From the material below, set down exactly the lines that run from the one containing "BMW 123 d Coupe Auto - 4" to the one containing "MLB: Los Angeles", minus the pictures.

## SOURCE MATERIAL
=== Begin Enclosure ===
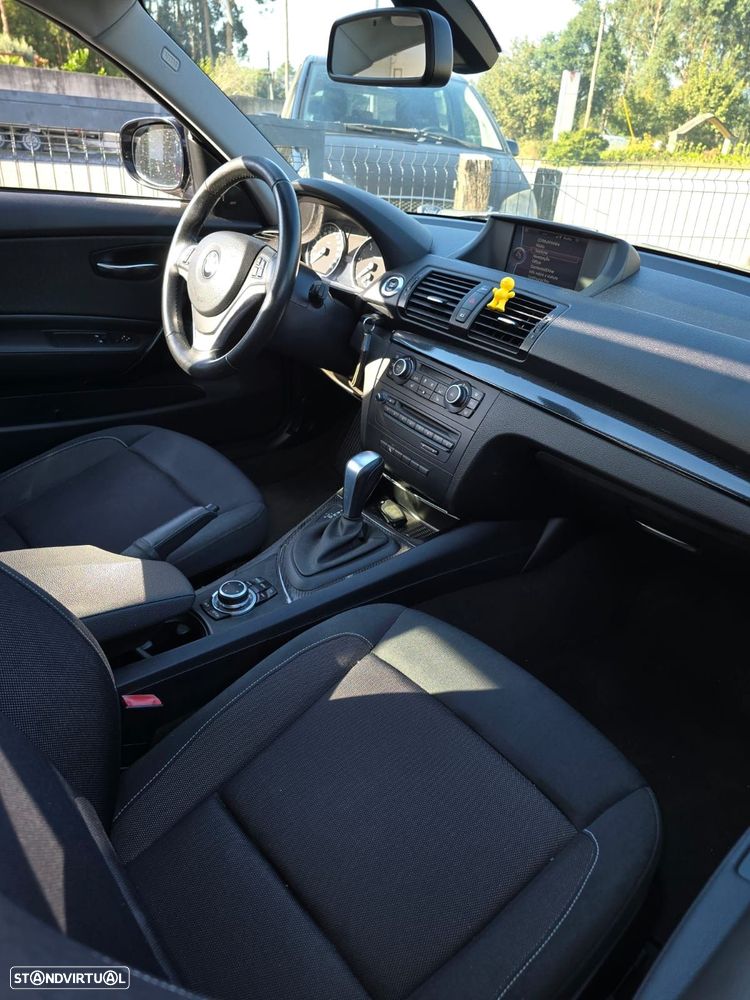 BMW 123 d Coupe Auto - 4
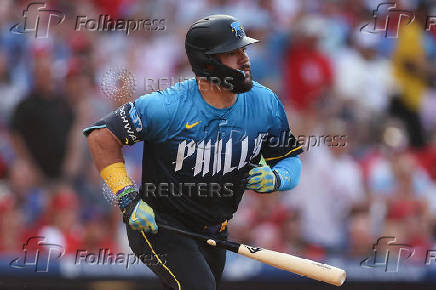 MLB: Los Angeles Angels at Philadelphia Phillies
=== End Enclosure ===
=== Begin Enclosure ===
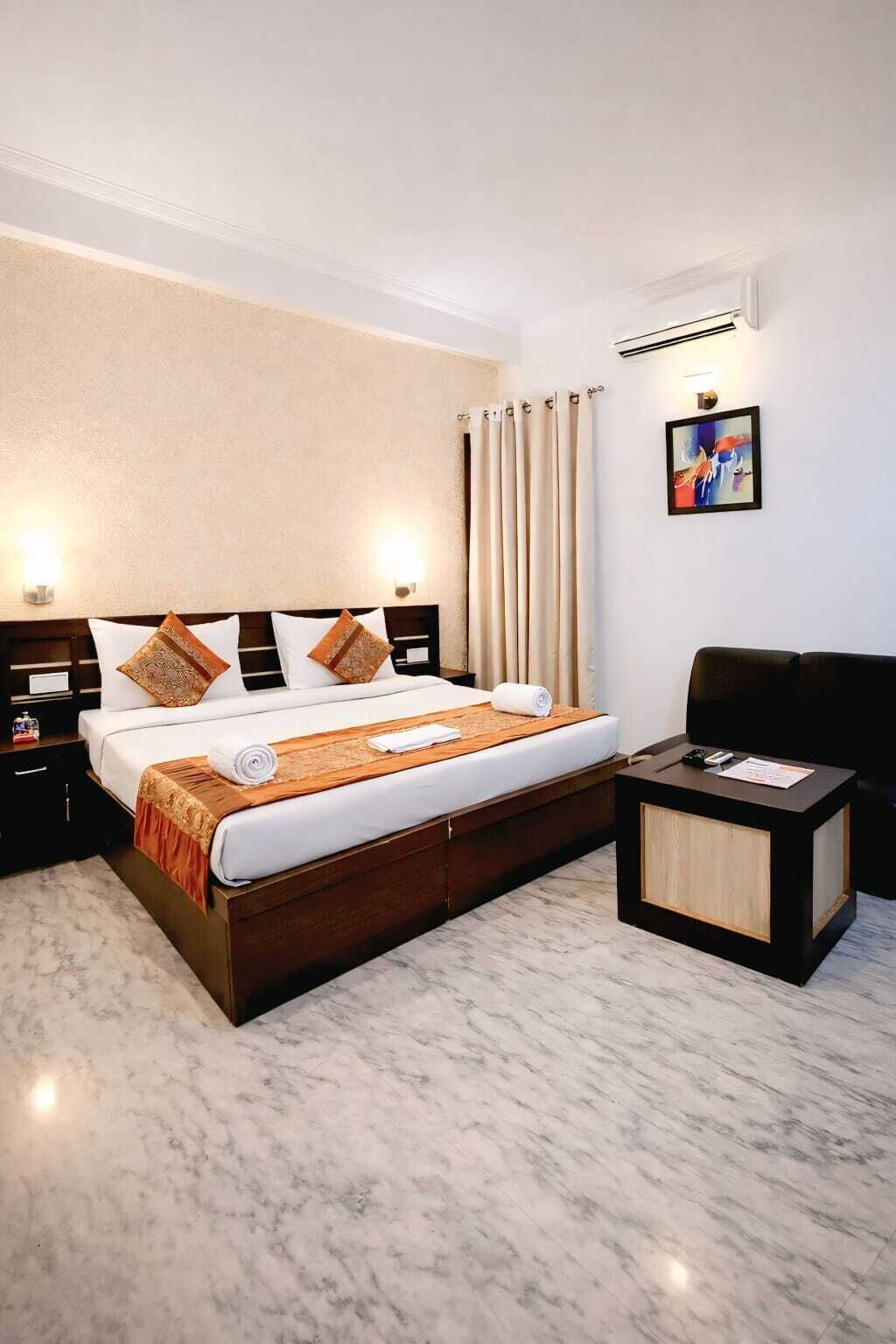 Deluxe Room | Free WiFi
=== End Enclosure ===
## TASK OUTPUT
 BMW 123 d Coupe Auto - 4
 MLB: Los Angeles Angels at Philadelphia Phillies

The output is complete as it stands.